The daughter made a table of dishes for her mother at noon, thinking that she would be praised by her mother, but she did not expect to be blamed by her mother.
Mom said, "Am I going to praise you?" So many dishes at noon, how do we eat it? ”
Daughter takes momThe two dishes I bought were burned, the mother also posted the ** on the Internet to count the children.
It's already 2024, when will this kind of "repressive education" be completely extinct.
Some parents only criticize their childrenIt's all pressure and shackles.
What child doesn't want the support and affirmation of their parents?
But they always feel that their children are not doing well, and it is really difficult to get a compliment under such an education.
Praise education is always more effective than reprimand.
Did you find out?
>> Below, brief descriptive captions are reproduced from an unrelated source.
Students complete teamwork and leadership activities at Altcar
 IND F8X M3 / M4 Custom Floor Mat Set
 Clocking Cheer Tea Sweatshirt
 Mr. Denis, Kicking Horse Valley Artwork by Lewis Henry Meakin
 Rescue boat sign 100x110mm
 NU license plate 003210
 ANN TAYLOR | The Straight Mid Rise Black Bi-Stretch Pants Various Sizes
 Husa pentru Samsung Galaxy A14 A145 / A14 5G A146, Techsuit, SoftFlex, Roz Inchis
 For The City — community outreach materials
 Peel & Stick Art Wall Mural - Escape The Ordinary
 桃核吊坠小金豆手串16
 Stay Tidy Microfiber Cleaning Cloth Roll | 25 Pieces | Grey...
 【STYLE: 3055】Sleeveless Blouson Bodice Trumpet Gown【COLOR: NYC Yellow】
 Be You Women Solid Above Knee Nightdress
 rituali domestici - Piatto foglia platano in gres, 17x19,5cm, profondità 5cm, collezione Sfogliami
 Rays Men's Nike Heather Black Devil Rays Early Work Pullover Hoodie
The most terrible thing about a family is not being poor, but having someone who is good at creating internal friction.
The bowl of a few yuan was broken, the vegetables bought were not fresh, and the cooking water was too much, which trampled the house dirty.
Obviously yesMinor faults, but they feel like they are facing a great enemy, and they are making a lot of noise.
Children who grow up in a family full of grievances, grievances, accusations, and mutual complaints are extremely insecure and extremely sensitive inside.
You may have to spend your whole life in internal friction.
Finally, I hope everyone will not be unhappy parentsBe the king of children!